▸ WHAT NEEDS TO BE DONE: Copy exactly the lines from the line holding "Evka-1 Betontaş'da Çift" through the end of the material, and no others; pictures stay out.

▸ DATASET SECTION:

+ + + +

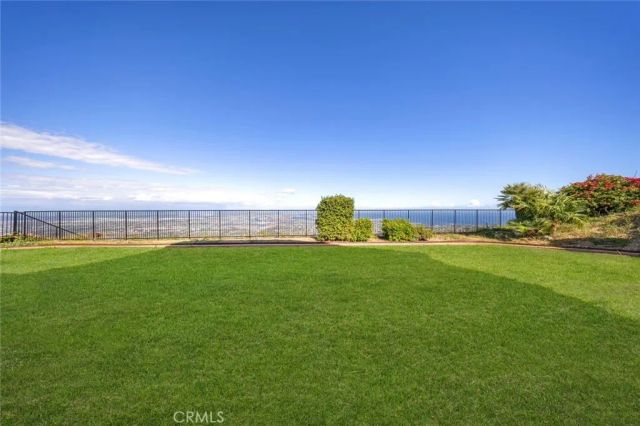 10 Avenue De Azalea, Rancho Palos Verdes, CA 90275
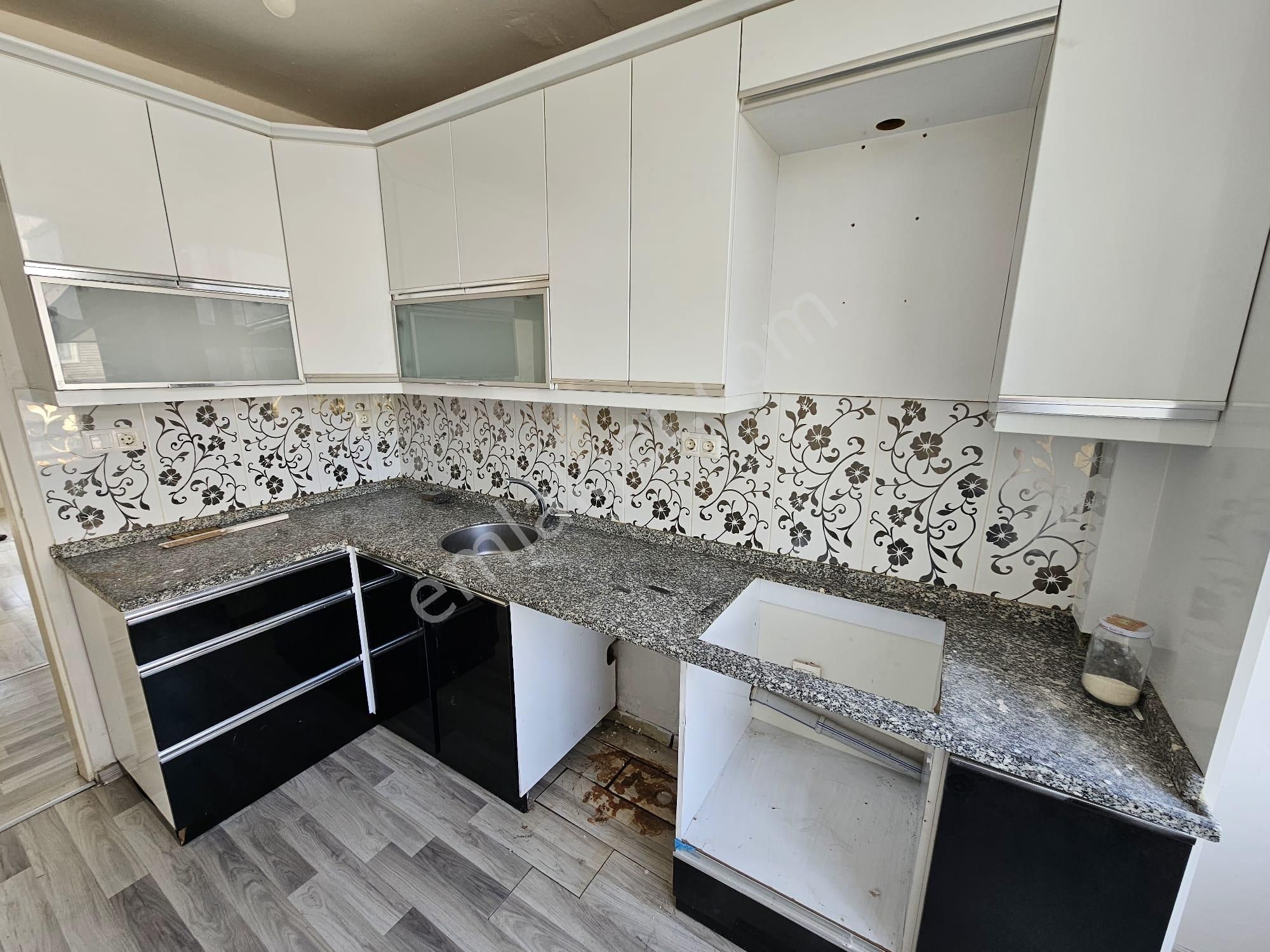 Evka-1 Betontaş'da Çift Cepheli 2+1 Temiz,sobalı Arakat - Görsel 2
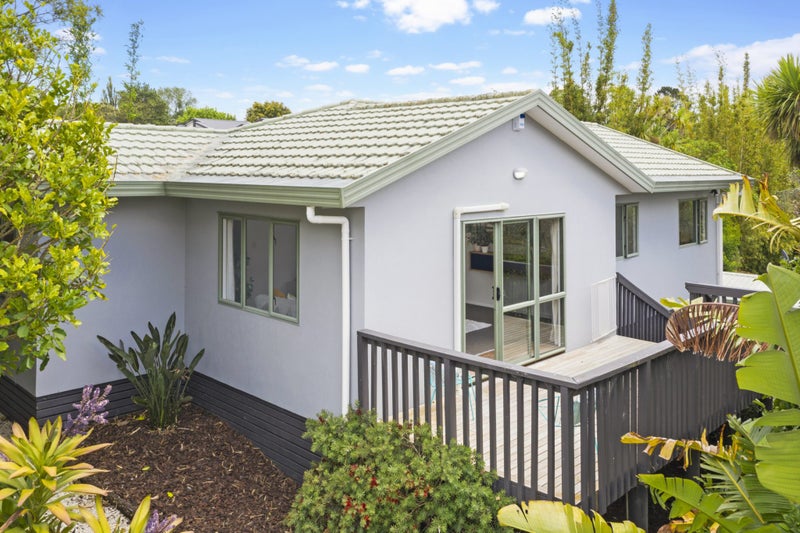 91A Woodglen Road, Glen Eden, Auckland - Carousel 1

+ + + +

▸ THE ANSWER:
 Evka-1 Betontaş'da Çift Cepheli 2+1 Temiz,sobalı Arakat - Görsel 2
 91A Woodglen Road, Glen Eden, Auckland - Carousel 1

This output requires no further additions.